# Numerical Sound Releases HD IR's for Film Music



## ErnestCholakis (Jan 23, 2014)

January 2014 - Numerical Sound, a developmental leader in innovative audio products like DNA Groove Templates, Drone Archeology, and critically acclaimed Reverb Impulse Responses (convolution reverbs), announces the release of their newest product, the high resolution Hollywood Sound Impulse Response Collection. 

Tailored for film composers, recording engineers and post-production houses, the Hollywood Sound Impulse Response Collection comes with 241 combination early reflection/reverb tail impulses plus 27 bonus reverb tail only impulses. These accurately match the scoring stage sizes of such recording venues as Abbey Road, Air Lyndhurst, the Barbra Streisand Scoring Stage at Sony, and others. 

The Hollywood Sound Impulse Response Collection does not imitate these existing scoring stages and studios, but rather, through a proprietary convolution process, offers a larger than life high resolution alternative in 24bit with one bundle including both 44.1k or 48k .wav files and a second package containing 88K and 96k high resolution .wav files.

The complex Early Reflections start with an intimate 52ms followed by 73ms, 100ms, 125 ms, 150ms, and finally a dramatic 200ms. Early reflections are grouped by three colors: brighter, darker and warm. 

These six ER's, each with its own three colors, are then applied to these reverb tail lengths: .7s, .85s, 1.0s, 1.2s, 1.5s, 2.0s, 3.0s, 4.0s, and 5.0 seconds. These tails have super wide stereo fields and richness of space with no trace of the direct or dry signal which is common in many IR's currently available. This richness adds a 3-dimensional quality to any orchestral instrument (live or virtual) but can also be used with any style: live or virtual audio track.

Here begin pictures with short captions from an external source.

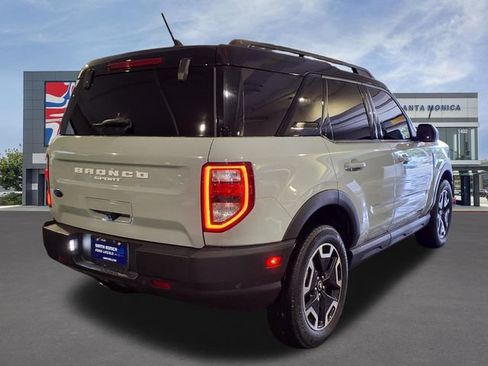 Used 2021 Ford Bronco Sport Outer Banks AWD/4WD image 24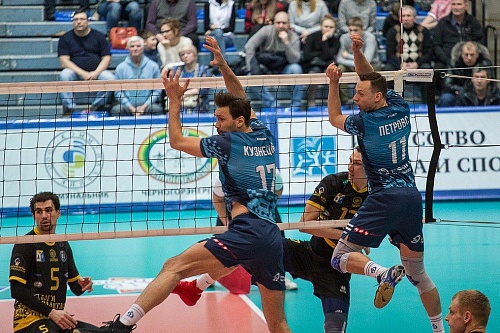 Фортуна улыбнулась динамовцам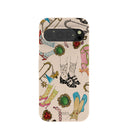 Seashell Brooch Parade Google Pixel 9/9 Pro Case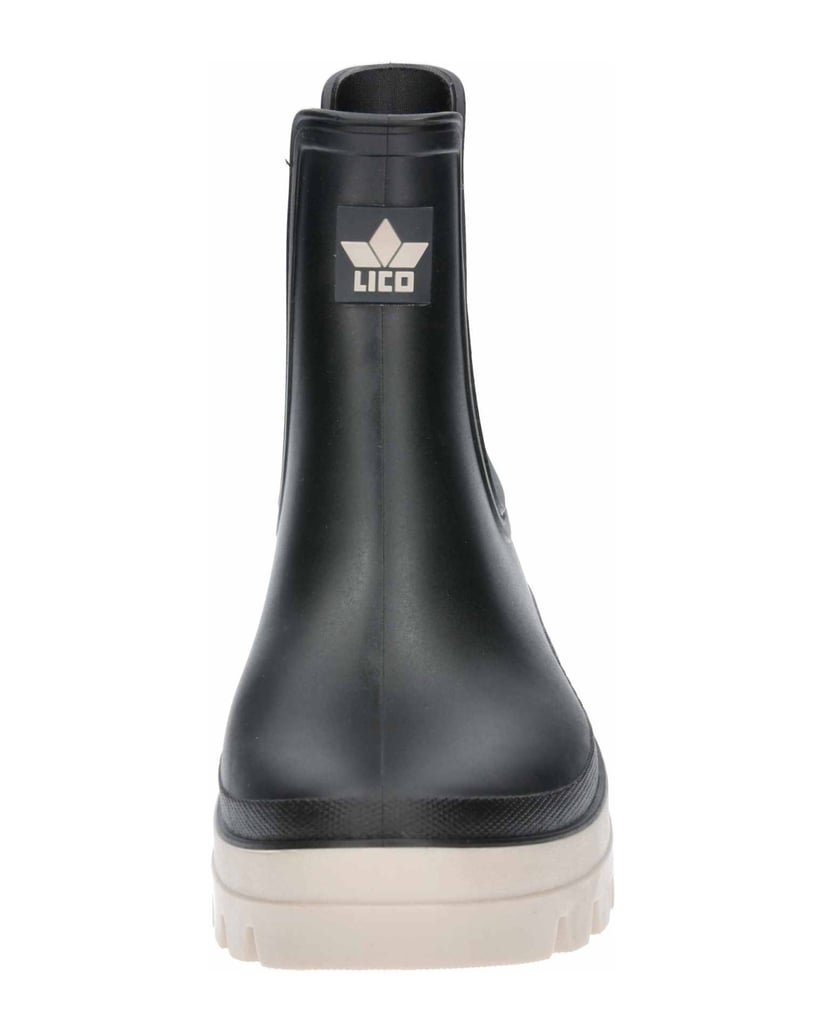 Lico-Gummistiefel-Neptuna-schwarz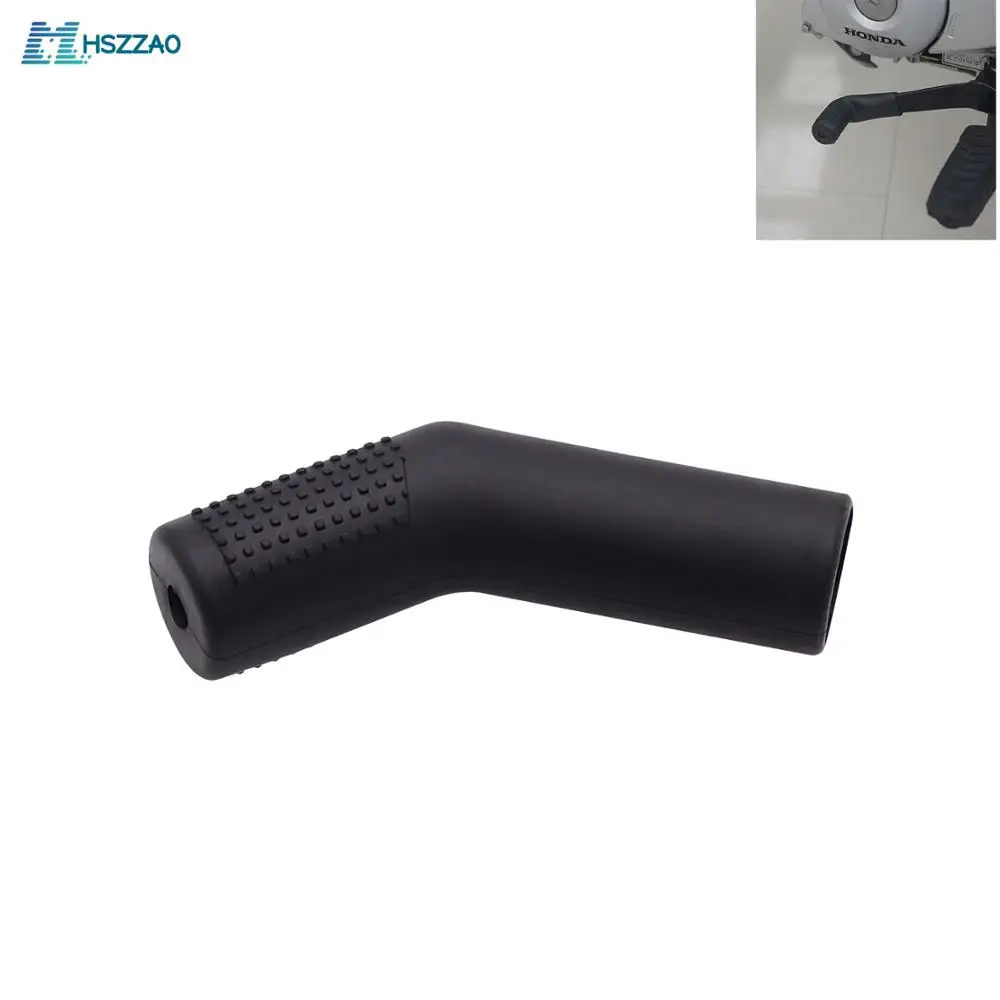 

Motorcycles Black Rubber Shifter Protector Shift Cover Sock Boot Shoe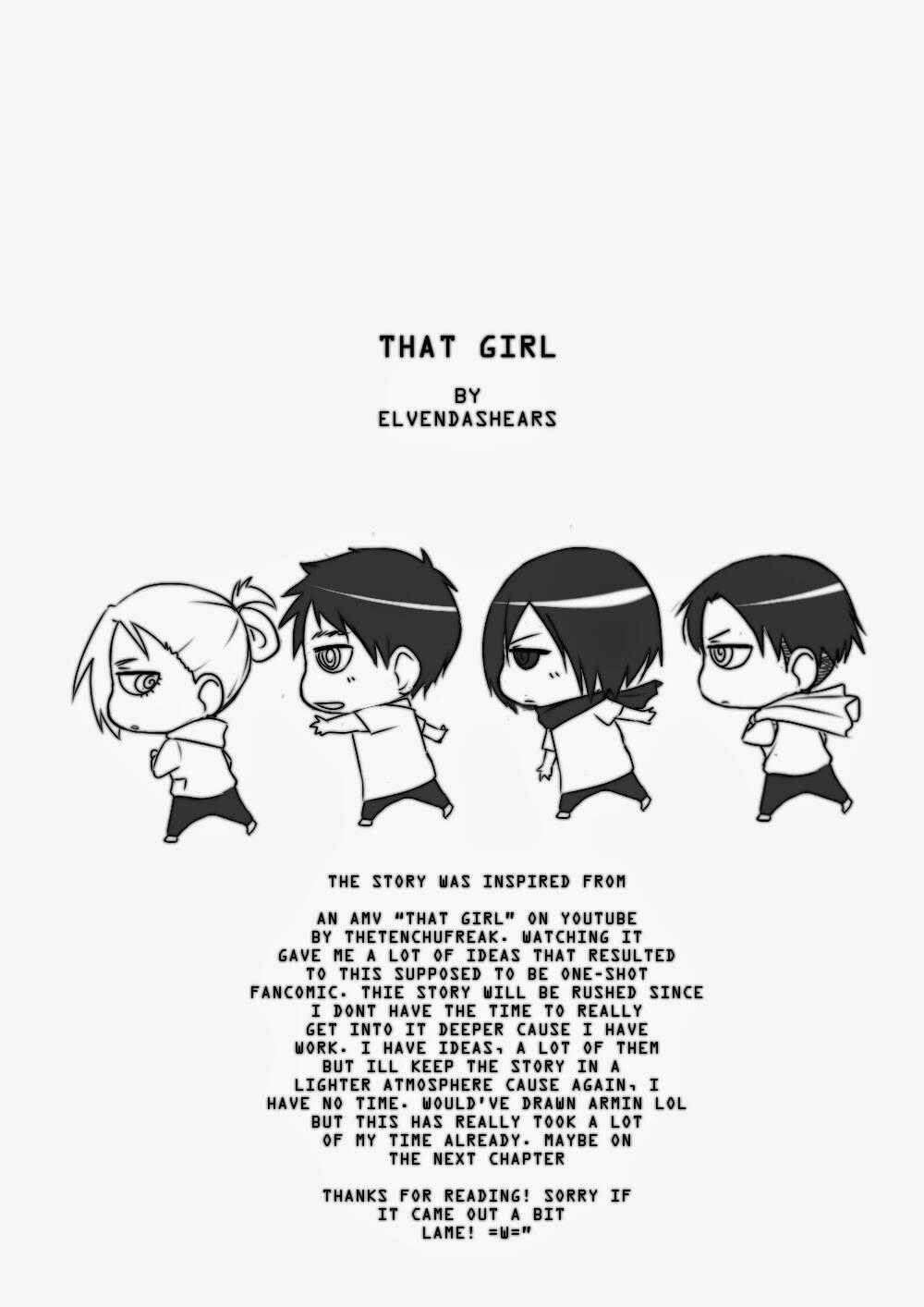 Snk - Lemi Doujinshi Collection Chapter 2 trang 40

Thus, these ER/Reverb Tail combinations enable any composer, engineer or post-production house using an A/B comparison approach to create a larger than life high resolution sound quickly.

Two Hollywood Sound Impulse Collection packages are available direct from Numerical Sound and selected vendors. The first is the 44.1/44k package with 241 ER/Tail combinations plus 27 bonus “tails only” per audio format, for a total of 536 impulses.

The second Hollywood Sound Impulse Collection is 88K and 96K that comes with 241 ER/Tail combinations and 27 bonus “tails” for a total of 536 impulses in all.

Both products are available for immediate download. Can be used in any convolution reverb.

For more information, demos and ordering please go to 

http://www.numericalsound.com/hollywood_sound_ir.html

Ernest Cholakis
Numerical Sound
www.numericalsound.com


----------



## Camus (Jan 23, 2014)

Hi Ernest,

I tried to order the new impulses but the cart shows "Lass edition" instead of "hollywood Sound Impulse response Collection"
Seems there´s something wrong with the ordering system.

Best Camus


----------



## ErnestCholakis (Jan 23, 2014)

Camus

Just fixed it. 

Ernest


----------



## The Darris (Jan 23, 2014)

Ernest, I am quite interested in this product. It would be nice to have Air and Sony IRs in my arsenal but I have to ask because it is unclear. Are these actual IR's from the locations or emmulated? With that said, do you have the ability to provide some demos of comparison between Dry samples using these IR's compared to Recorded samples that are in the actual room. (ie: dry strings with Air IR versus some Spitfire Strings, likewise for Sony and the CineSeries.) I would be really interested to hear how they compare. Thanks.


----------



## jumpenguin (Jan 23, 2014)

I enjoy using FORTI with Vienna Suites. How this new product different from FORTI? Is it a step forward to get this or sort of redundant to have both?


----------



## Peter Alexander (Jan 23, 2014)

I have this set. From the original post: 

_The Hollywood Sound Impulse Response Collection does not imitate these existing scoring stages and studios, but rather, through a proprietary convolution process, offers a larger than life high resolution alternative..._

_These six ER's, each with its own three colors, are then applied to these reverb tail lengths: .7s, .85s, 1.0s, 1.2s, 1.5s, 2.0s, 3.0s, 4.0s, and 5.0 seconds._

So what this means is that nine studio/concert hall sizes were selected for emulating where the RT60 (reverb tail/decay) ranged from .7s to 5.0s. Those from .7s to 3.0s are the published RT60s of recording studios where both film scores and sample libs have been recorded. 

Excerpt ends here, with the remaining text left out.